Entretien avec Alex Reding, galeriste luxembourgeois- mai 2021

/NEWSLETTER/ La petite musique de la culture – mai 2021
Cette lettre vous présente le regard d’Alex Reding Directeur de la galerie Nosbaum-Reding, sur la situation actuelle. Je vous propose également de découvrir des bonnes pratiques en matière de reconversion-préfiguration d’un musée.
Bonne lecture !

L’ENTRETIEN

Verbatim
« Mon engagement pour les artistes se manifeste par un lien fort et un soutien continu associé à une énergie sans failles. »

Alex Reding
Alex Reding

1. Qui êtes-vous Alex Reding et quelle est votre mission ? Sur quoi travaillez-vous en particulier en ce moment ?

Après avoir été étudiant aux Beaux-arts de Düsseldorf, en 2000, j’ai décidé de faire un pas vers la création d’une structure d’exposition, que j’ai appelée L’alimentation générale, qui ne correspondait pas forcément au concept d’une galerie. Je dirais plutôt un Artist run space. Rapidement les choix que j’ai opérés en matière d’expositions et de réseaux d’artistes ont suscité une attention envers mon projet, à tel point que j’ai été invité par des foires d’art, notamment Art Brussels et la Liste à Bâle.

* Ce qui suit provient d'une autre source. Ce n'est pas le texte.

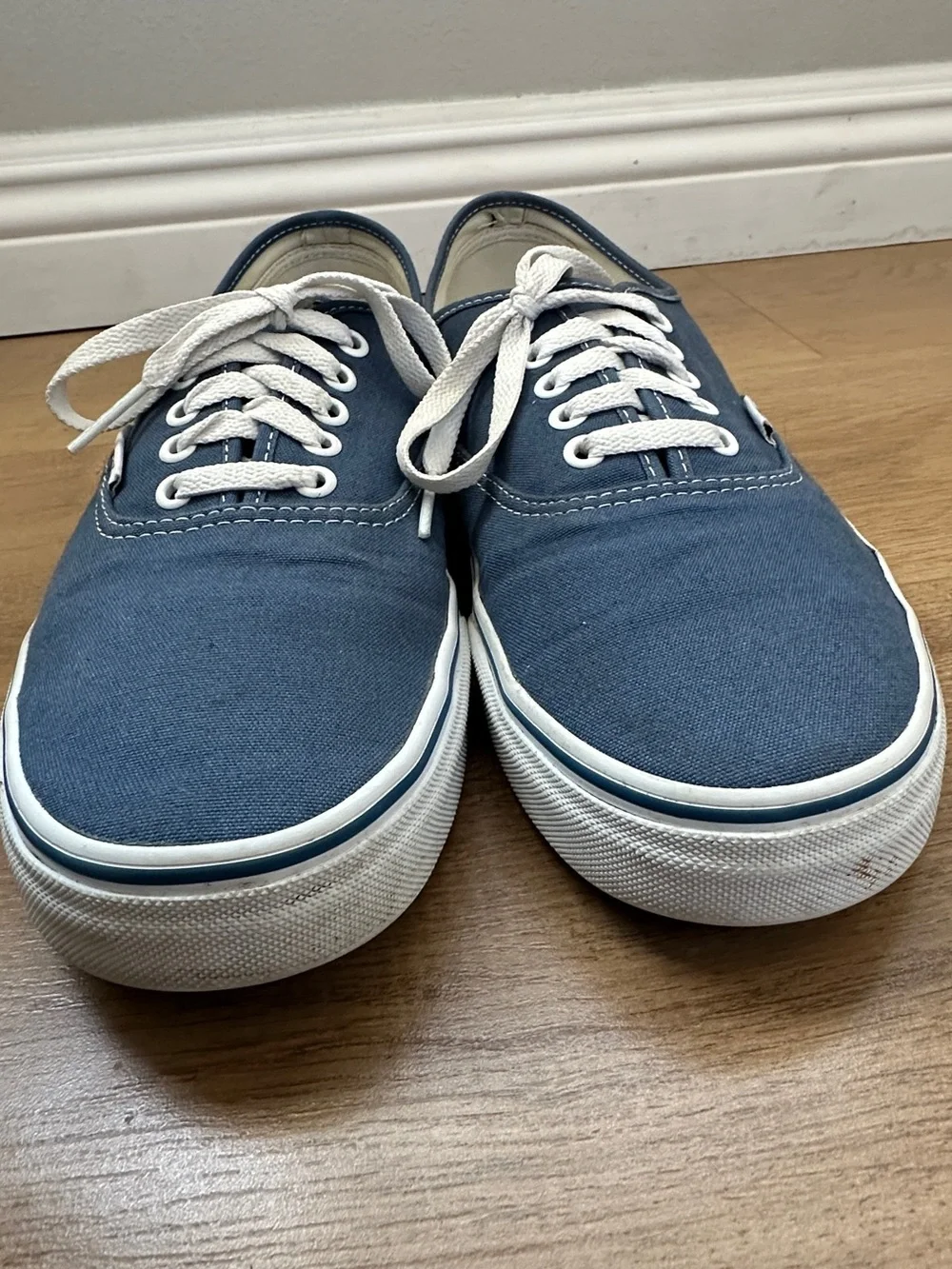 Vans Authentic - Size 11 Men - Picture 2 of 5
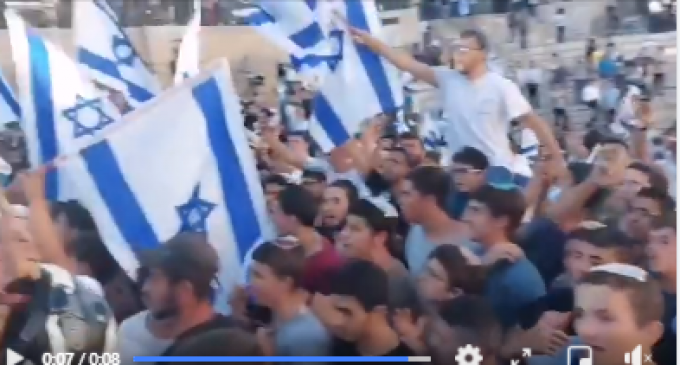Des colons israéliens scandent « Mort aux Arabes » à la Marche du drapeau près de la porte de Damas, vieille ville de Jérusalem occupée.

Mon projet a donc pris une direction nouvelle qui s’est affirmé par avec le déménagement en 2006 dans les vieux quartiers de Luxembourg ville et un changement de nom en Galerie Nosbaum Reding (Nosbaum étant le nom de mon épouse Véronique).

Mon engagement pour les artistes se manifeste par un lien fort et un soutien continu associé à une énergie sans failles. Les artistes que j’accompagne ont développé de très belles carrières, preuve que l’engagement et la fidélité sont toujours payants. La galerie a bien évidemment profité du dynamisme des artistes, y a gagné en visibilité, ainsi qu’un renforcement des liens avec les institutions. Depuis, la galerie a pu commencer des collaborations avec des artistes déjà très réputés, qui ont amélioré sa notoriété. 

Meisenthal, Centre international d’art verrier


En parallèle, nous avons aussi créé une association dont le but était d’avoir un impact structurel à l’écosystème culturel à Luxembourg. 
La première étape a été la mise en place du dépliant Art actuel, outil de communication commun des galeries, puis, en 2007, quand Luxembourg était Capitale Européenne de la Culture, des projets comme Ultra-moderne avec le commissaire d’exposition Yann Châtaignier, l’exposition Welcome to Our Neighborhood conjointement organisée entre le Casino Luxembourg, la Stadtgalerie Sarrebruck, et l’Arsenal de Metz, mais également le projet Kunstmark Schule au Luxembourg en Sarre et en Moselle, en donnant aux artistes la possibilité d’élaborer avec une classe scolaire pendant toute une semaine un projet artistique.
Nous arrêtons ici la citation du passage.